What to do>
Which lines run from the one containing "A room with" through the end of the data? Write them out exactly, with the pictures left out.

Data>
--------------------------------------------------
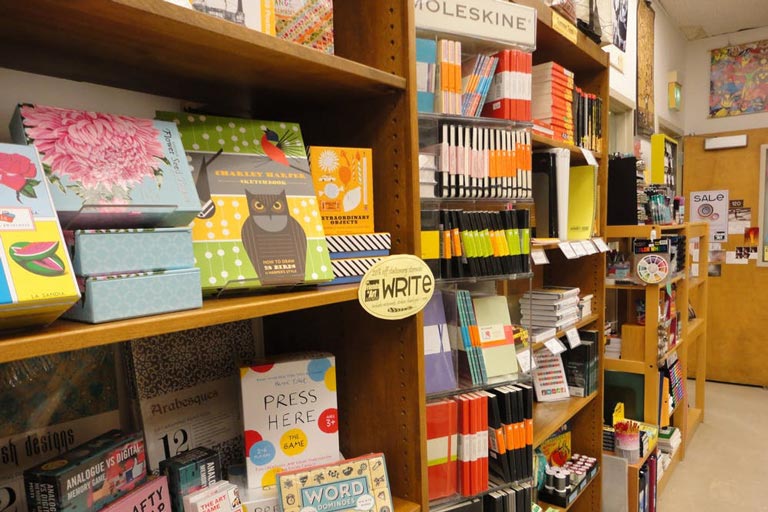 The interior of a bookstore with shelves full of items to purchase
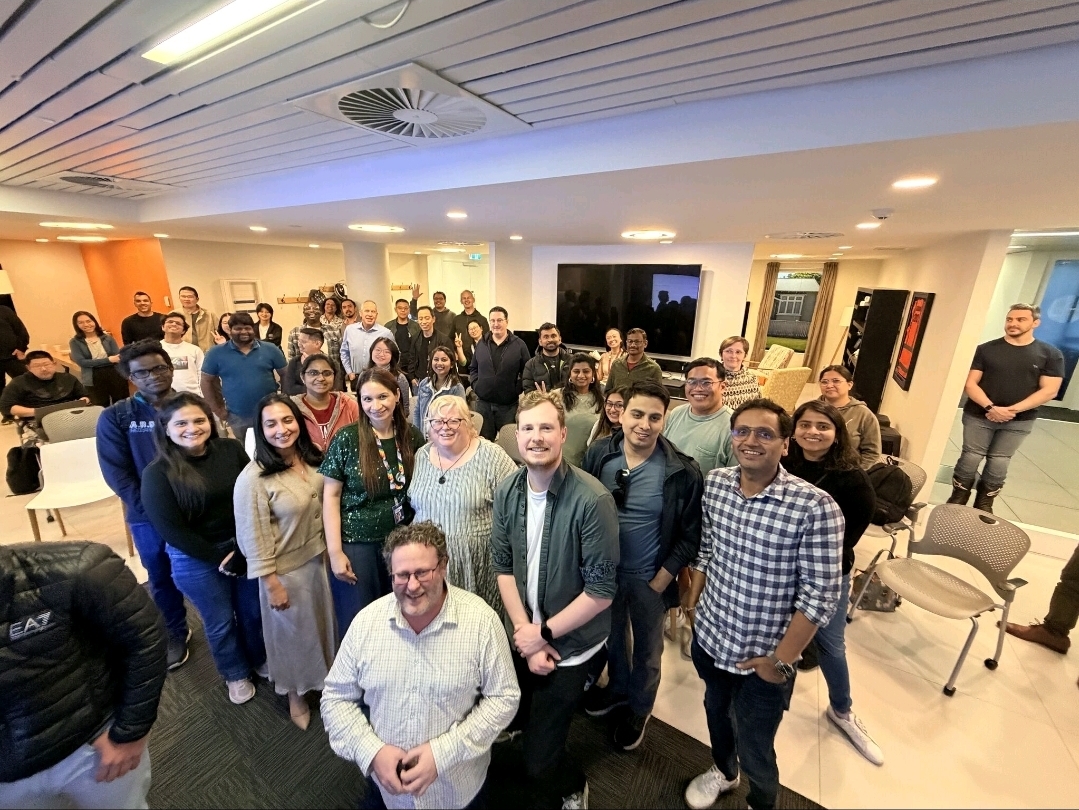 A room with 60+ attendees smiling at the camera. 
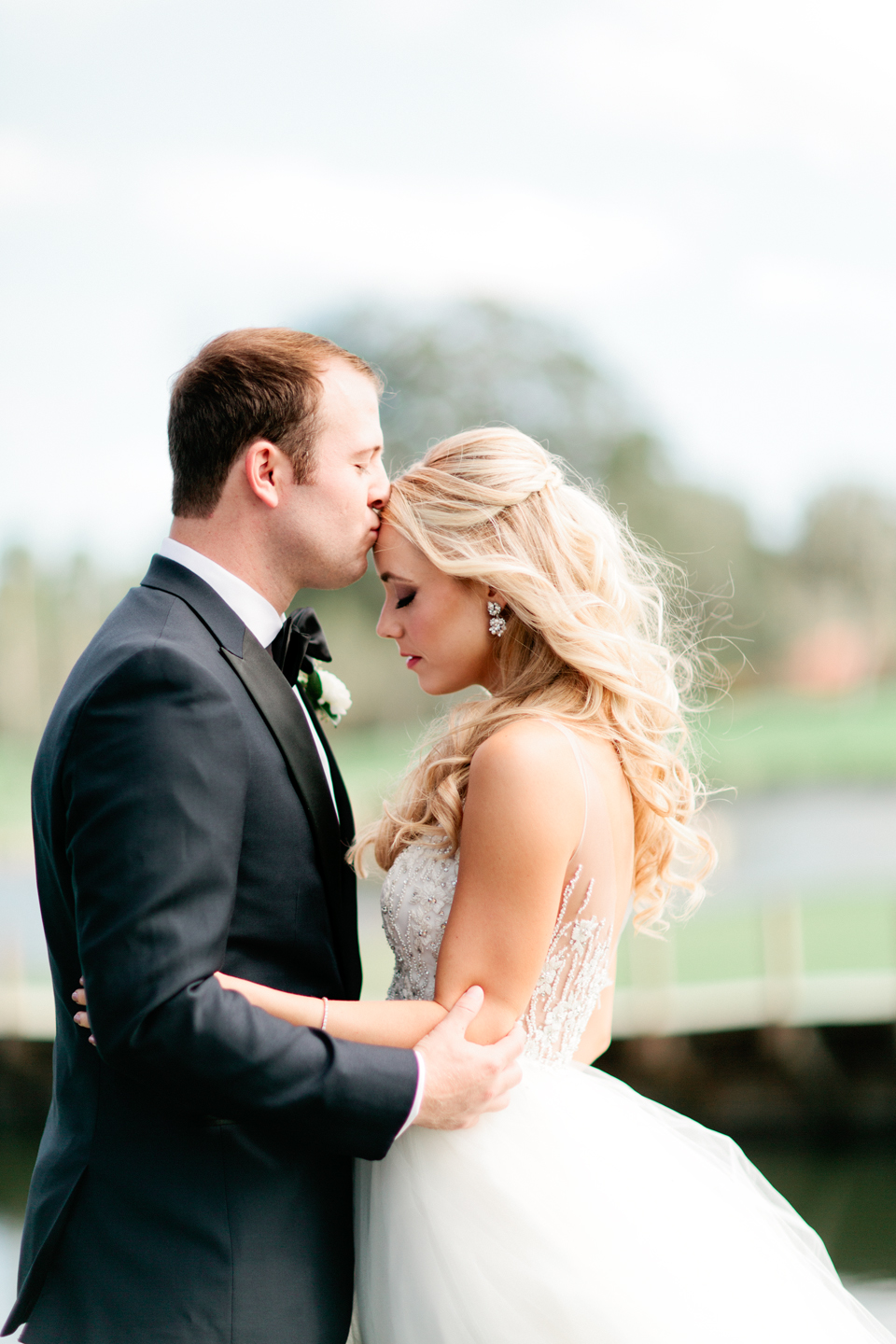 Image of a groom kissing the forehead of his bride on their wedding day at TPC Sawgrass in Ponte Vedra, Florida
--------------------------------------------------
Answer for this exercise>
 A room with 60+ attendees smiling at the camera. 
 Image of a groom kissing the forehead of his bride on their wedding day at TPC Sawgrass in Ponte Vedra, Florida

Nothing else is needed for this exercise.